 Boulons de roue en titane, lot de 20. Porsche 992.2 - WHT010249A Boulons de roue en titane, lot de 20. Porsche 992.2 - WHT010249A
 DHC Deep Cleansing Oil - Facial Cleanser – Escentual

* * *

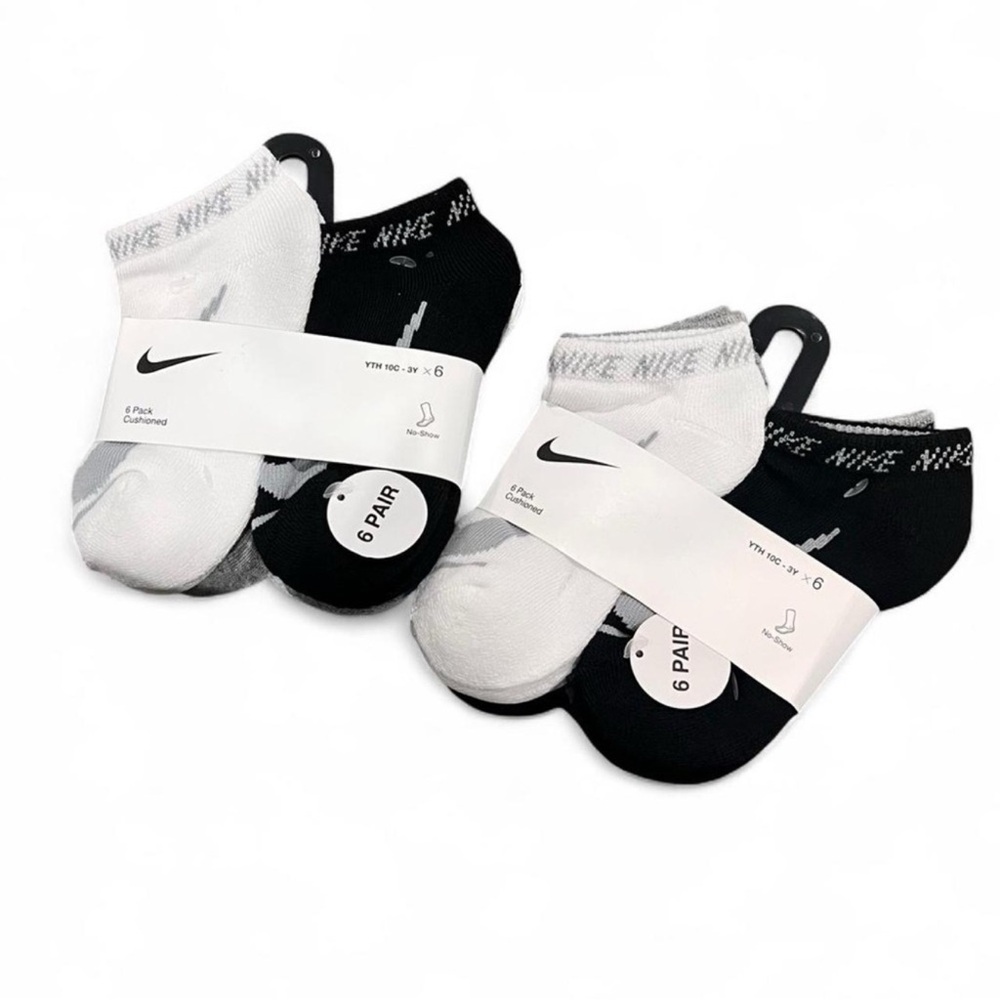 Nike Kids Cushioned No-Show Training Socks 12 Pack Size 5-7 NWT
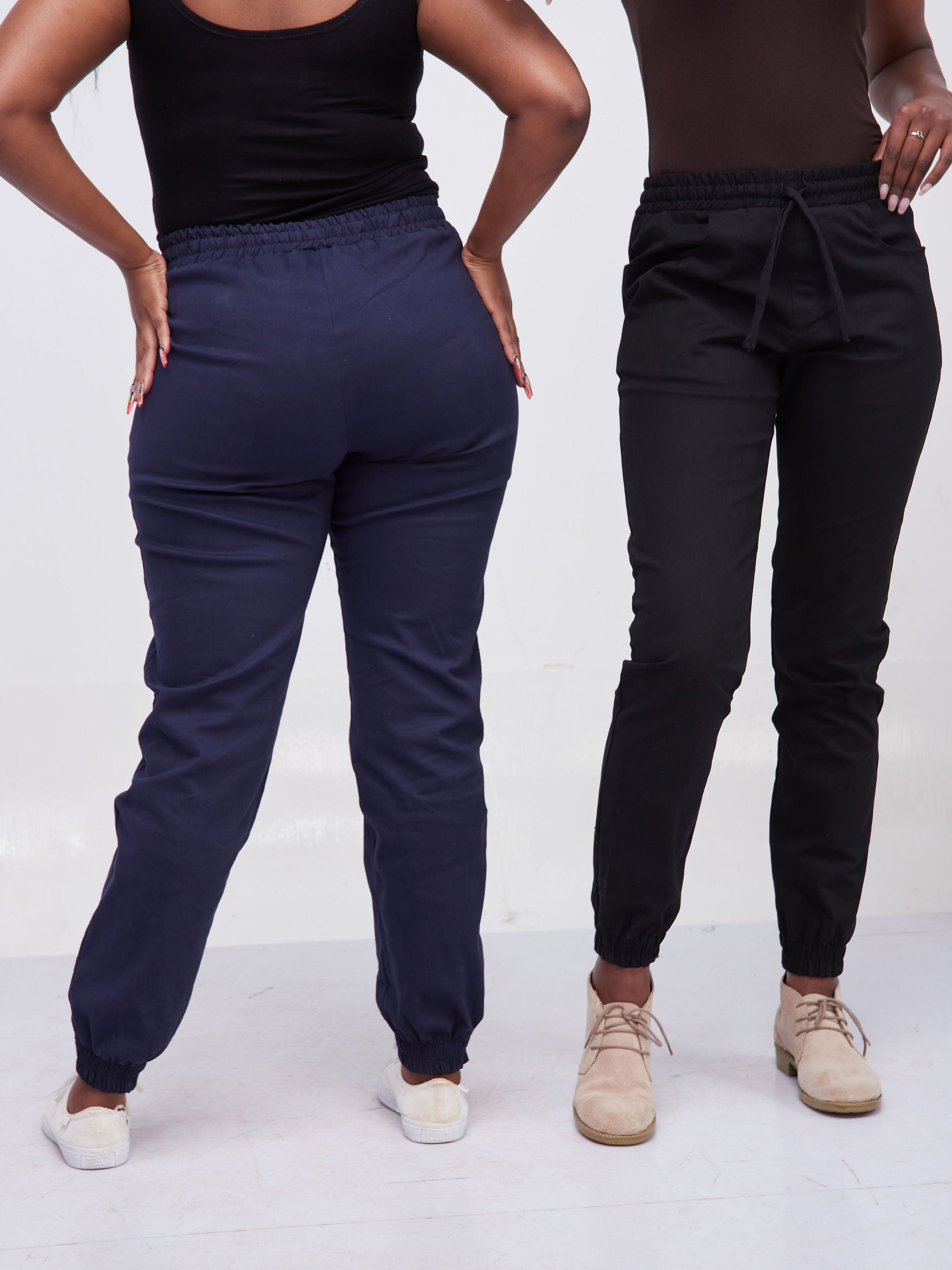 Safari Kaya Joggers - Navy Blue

==

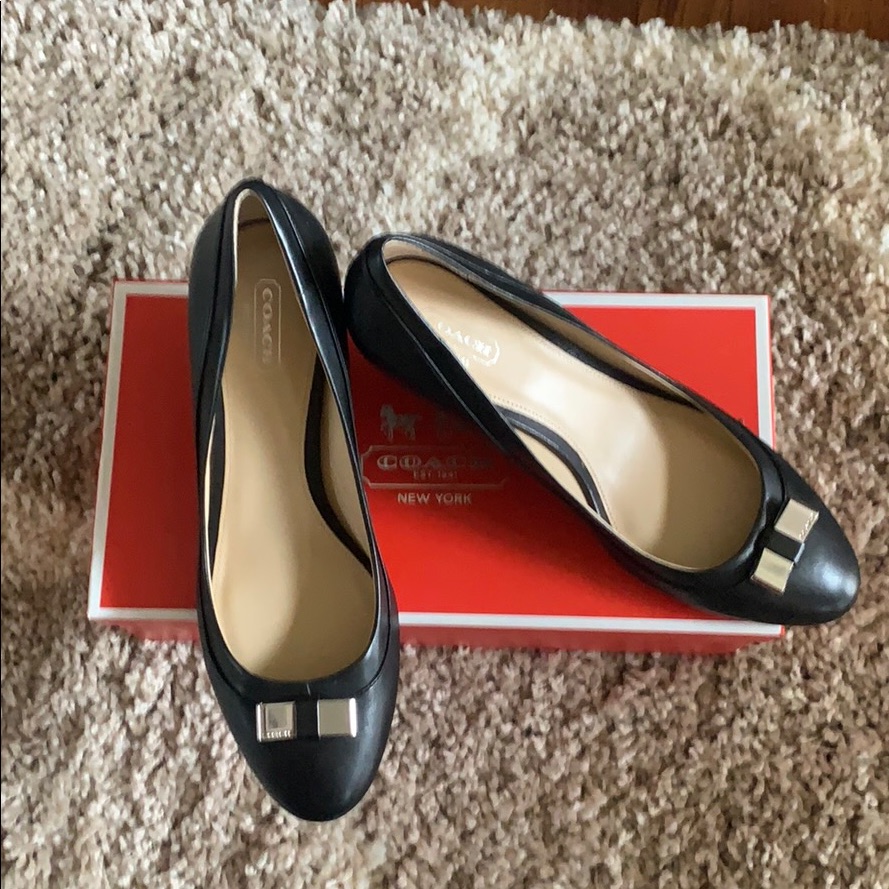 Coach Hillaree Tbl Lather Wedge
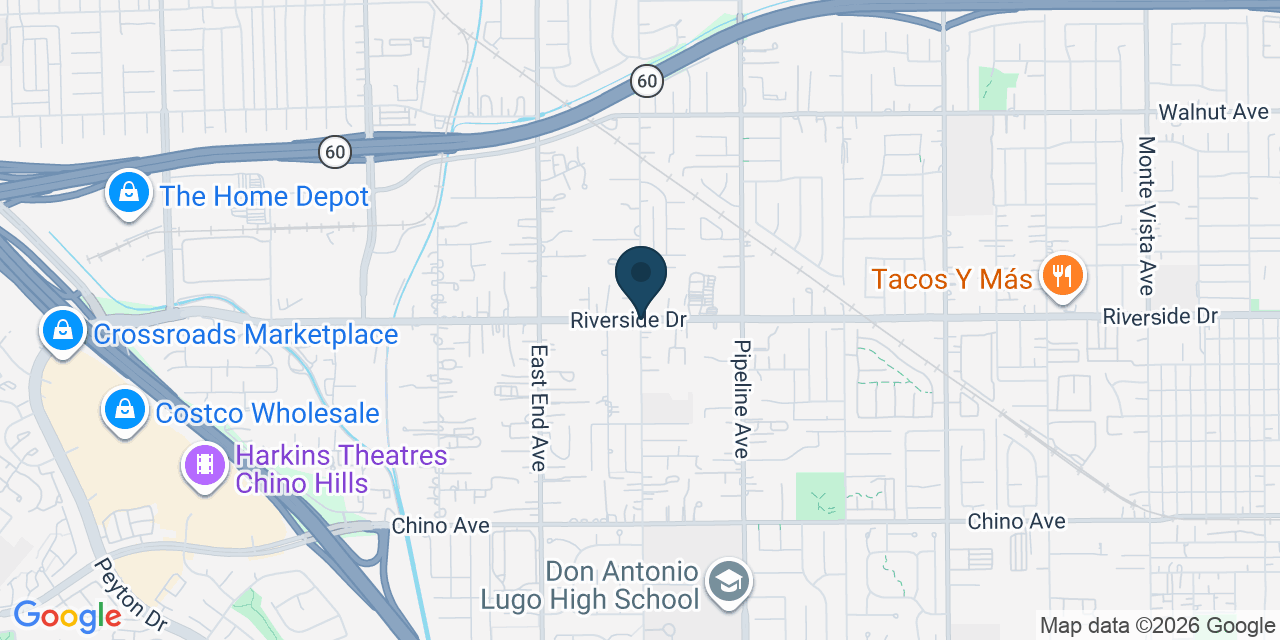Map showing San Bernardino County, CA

= Problem details =
Only one stretch of the data above is needed. Restate it word for word, from the line containing "- WHT010249A Boulons" through the line containing "DHC Deep Cleansing", both ends included.

= Solution to the problem =
 Boulons de roue en titane, lot de 20. Porsche 992.2 - WHT010249A Boulons de roue en titane, lot de 20. Porsche 992.2 - WHT010249A
 DHC Deep Cleansing Oil - Facial Cleanser – Escentual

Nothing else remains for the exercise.